The mediation law adopted in 2006 by the Romanian Parliament has been modified for more than fifteen times, each modification tentatively solving one problem and creating ten others. Unfortunately, because there are no monitoring mechanisms and hence statistics available, there is still no clarity with respect to use of mediation and its impacts on the judiciary. We simply don’t have evidence regarding the impacts of mediation on both the private and the public sectors. What we do have, is an anecdotal belief that the mediation experiment has “successfully” failed in Romania.

Given all the above, the Propact Center for Mediation and Arbitration has implemented, between June 2018 and October 2019, the project “Mediation – effective public policy in the civic dialogue”. The project was financed under the Romanian Operational Program Administrative Capacity 2014-2020, Priority Axis 1 – Public administration and efficient judicial system, Component 1 – “Increasing the capacity of NGOs and social partners to formulate alternative public policies”. The overall goal of this project was to formulate, most likely for the first time, a sustainable public policy regarding mediation in Romania.

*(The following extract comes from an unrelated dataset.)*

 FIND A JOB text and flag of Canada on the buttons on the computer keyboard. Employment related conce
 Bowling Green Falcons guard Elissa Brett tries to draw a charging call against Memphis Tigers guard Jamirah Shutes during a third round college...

We’re not going to spend a lot of time here describing the mediation status in the EU or the Romanian context. What we will say, however, is that after developing a safe full voluntary mediation legal framework for almost 10 years and some 20+ thousands mediators trained a “chance” was taken to boost the demand for mediation through an information session mandatory but free of charge for the plaintiff, before submitting the case to the national courts that, otherwise, would dismiss the case as inadmissible.

Although the strategy of developing the demand for mediation through legislation (i.e. the opt-out model implemented in Italy) is a very good one if combined with effective policies to ensure the quality of mediation services, to promote and use mediation services by both the public and private sectors, this strategy can actually make things a lot worse, which was the case of Romania. Specifically, the Romanian Constitutional Court decided in 2014 that the INADMISSIBILITY SANCTION for failure to attend the mandatory information sessions is not aligned with the letter of the Constitution. Following this constitutionality check, the perception in the public space was that MEDIATION is not constitutional.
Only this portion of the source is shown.